Mrs. Minnie Hopkins Watson, formerly a teacher of Rockymount, Va., has done good work already although a young woman and gives promise of much larger usefulness in the future. Mrs. Watson was born in Rockymount on March 31, 1892, daughter of Jack and Ollie Warren Hopkins. Her father was a merchant. Her paternal grandparents were Jack and Harriett Hopkins, on the maternal side Steve and Caroline Warren, all natives of Franklin County and all slaves prior to 1865. Mrs. Watson attended public and private schools of Rockymount and Roanoke, Va., and completed her studies at Virginia Normal and Industrial Institute, Petersburg, Va., from which she was graduated in 1914, and has attended summer schools in Virginia and West Virginia, and is affiliated with the West Virginia Teachers Association. Upon her completion of her schooling she entered upon the career of a teacher. Her first work was a ten weeks term at a small salary in the country. The following year she changed from rural schools and for three terms was in the town school at Rockymount. The encouraging feature in this record was the fact that the length of terms steadily increased and also the salary.

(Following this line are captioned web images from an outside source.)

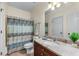 Standard bathroom featuring dark cabinets, a granite countertop, and a patterned shower curtain at 3137 Perimeter Cir, Buford, GA 30519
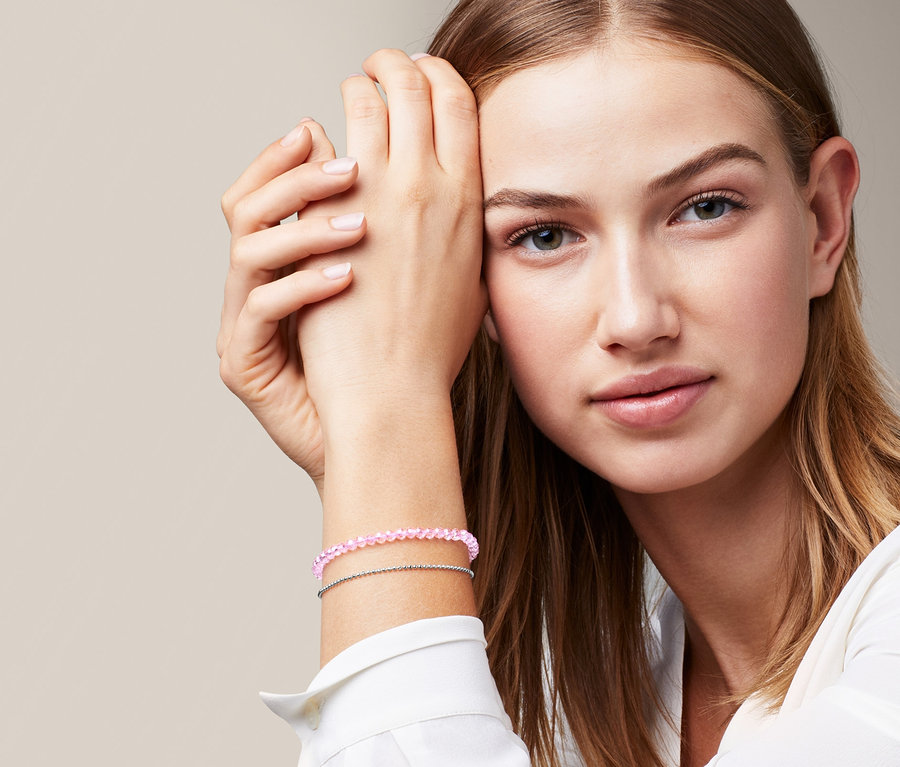 Porträt einer Frau, die ein Armband mit facettierten Glassteinen trägt.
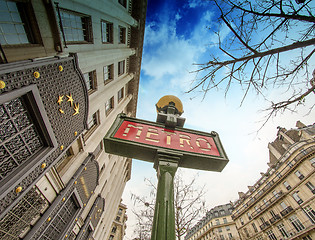 Image showing Metro Sign in Paris with Architecture in background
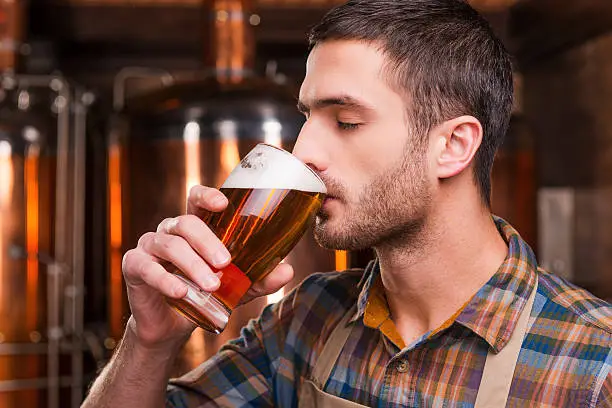 Photo of Tasting fresh brewed beer.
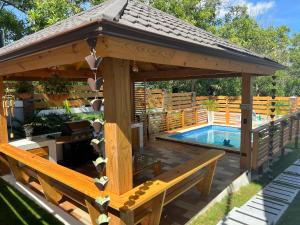 a wooden gazebo with a pool in a yard at The Grand Chalet in Jarabacoa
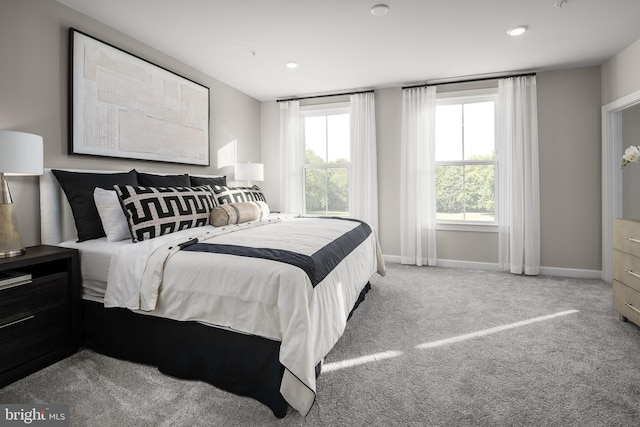 carpeted bedroom with baseboards and recessed lighting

Mrs. Watson thinks that the deciding factor in her choice of a vocation was her ability to realize the need of leadership in her race. She has travelled quite a bit in our eastern States and has been an extensive reader, especially along the lines of race assimilation, race uplift, education, history, etc.

She is a Baptist in religion, and while in Virginia she was a member of the State Teachers Association, Secretary Franklin County Teachers' Association and active in the B. Y. P. U. and other church auxiliaries. She was married September 1, 1920. It is to be hoped that this will not interfere with her professional career as she has the gift of clear thought and a clarity and terseness of expression which is refreshing. Such people are so much needed that we can ill afford to spare them from careers of large usefulness.

Mrs. Watson thinks that the interests of the race may be promoted by, strict enforcement of compulsory education, by cultivating mutual relations between members of the race and thereby acquiring willingness to work together.

Mrs. Watson is now teaching in the city school at Montgomery, W. Va., where she resides.